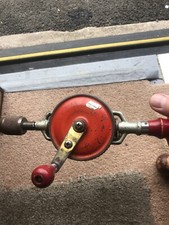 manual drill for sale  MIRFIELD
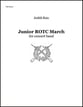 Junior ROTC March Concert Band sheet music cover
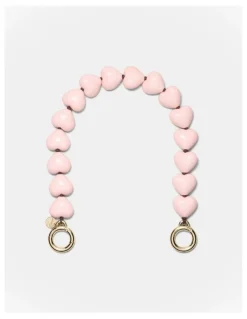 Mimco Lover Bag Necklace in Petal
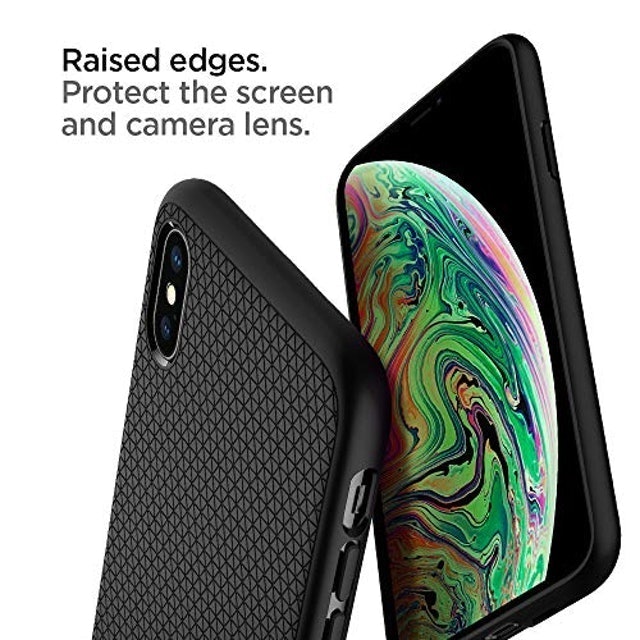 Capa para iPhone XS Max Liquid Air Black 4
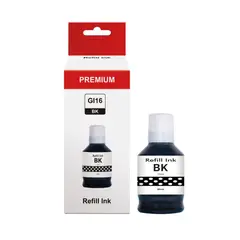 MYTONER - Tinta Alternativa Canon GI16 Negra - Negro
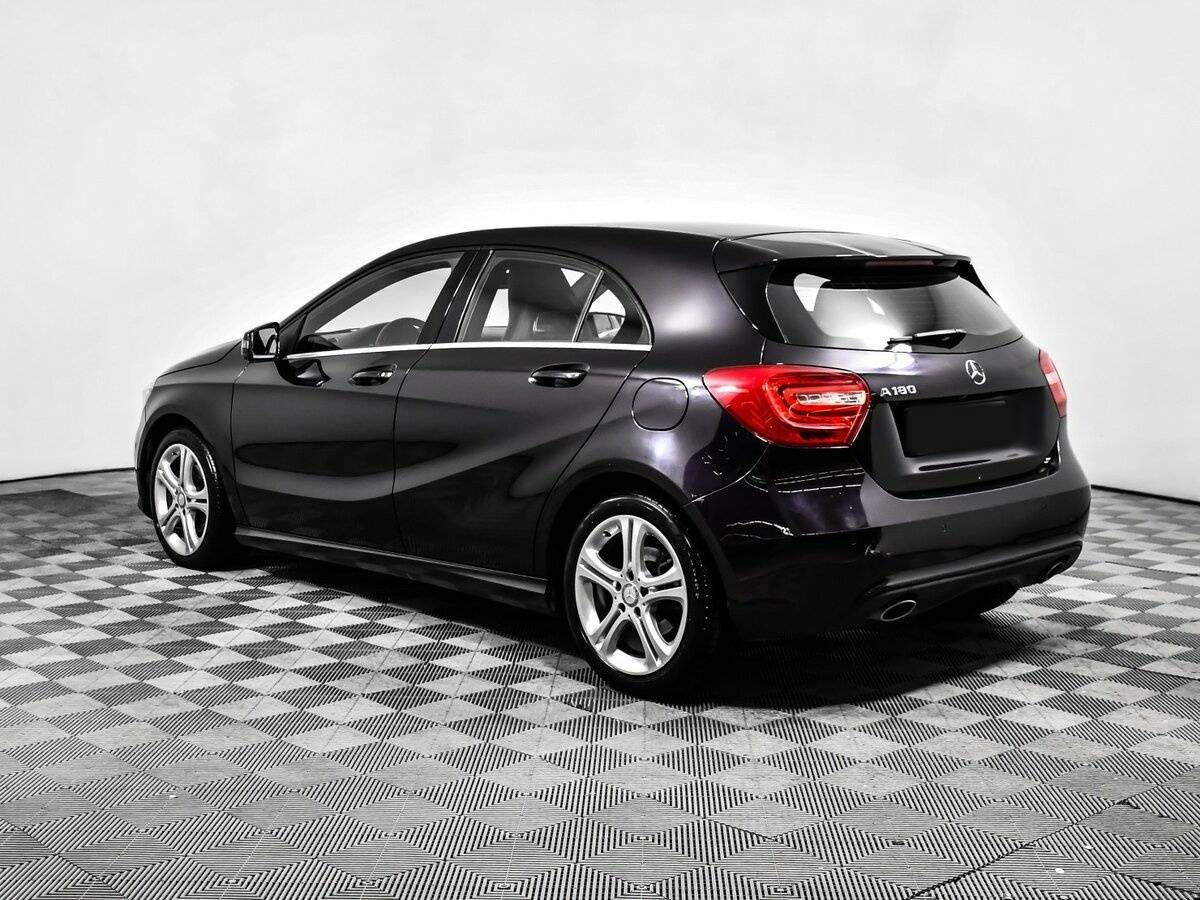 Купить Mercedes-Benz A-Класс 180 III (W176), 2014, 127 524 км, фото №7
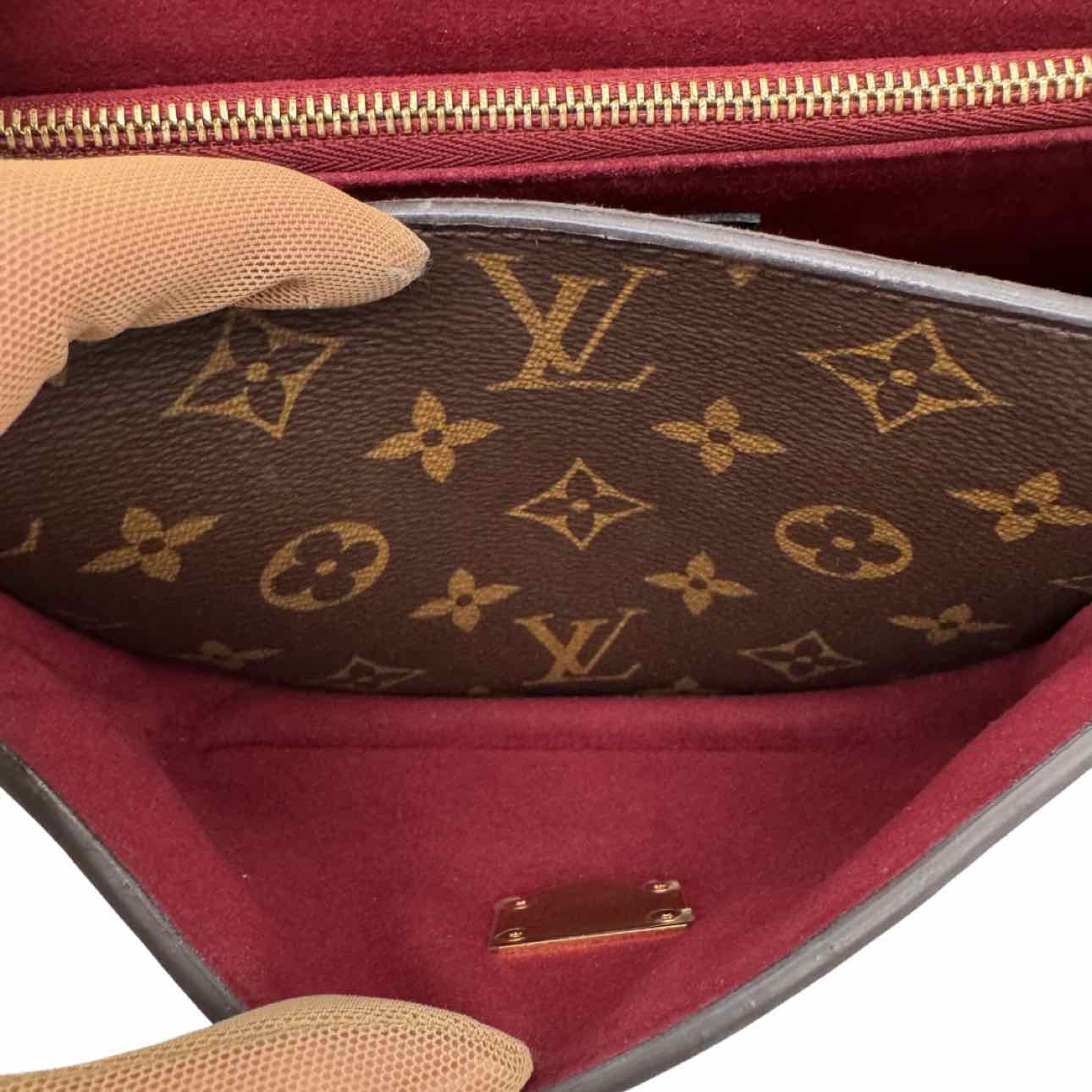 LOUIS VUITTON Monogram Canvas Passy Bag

========================================================================

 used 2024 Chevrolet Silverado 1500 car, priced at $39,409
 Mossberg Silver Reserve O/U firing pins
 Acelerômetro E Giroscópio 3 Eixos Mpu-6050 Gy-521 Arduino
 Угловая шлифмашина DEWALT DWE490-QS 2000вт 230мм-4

========================================================================

* _Exercise aim_
Copy only this from above: the line containing "Capa para iPhone XS Max Liquid Air Black 4", the line containing "LOUIS VUITTON Monogram Canvas Passy Bag", and all lines between, printed exactly. Leave out the pictures.

* _Result for this task_
 Capa para iPhone XS Max Liquid Air Black 4
 MYTONER - Tinta Alternativa Canon GI16 Negra - Negro
 Купить Mercedes-Benz A-Класс 180 III (W176), 2014, 127 524 км, фото №7
 LOUIS VUITTON Monogram Canvas Passy Bag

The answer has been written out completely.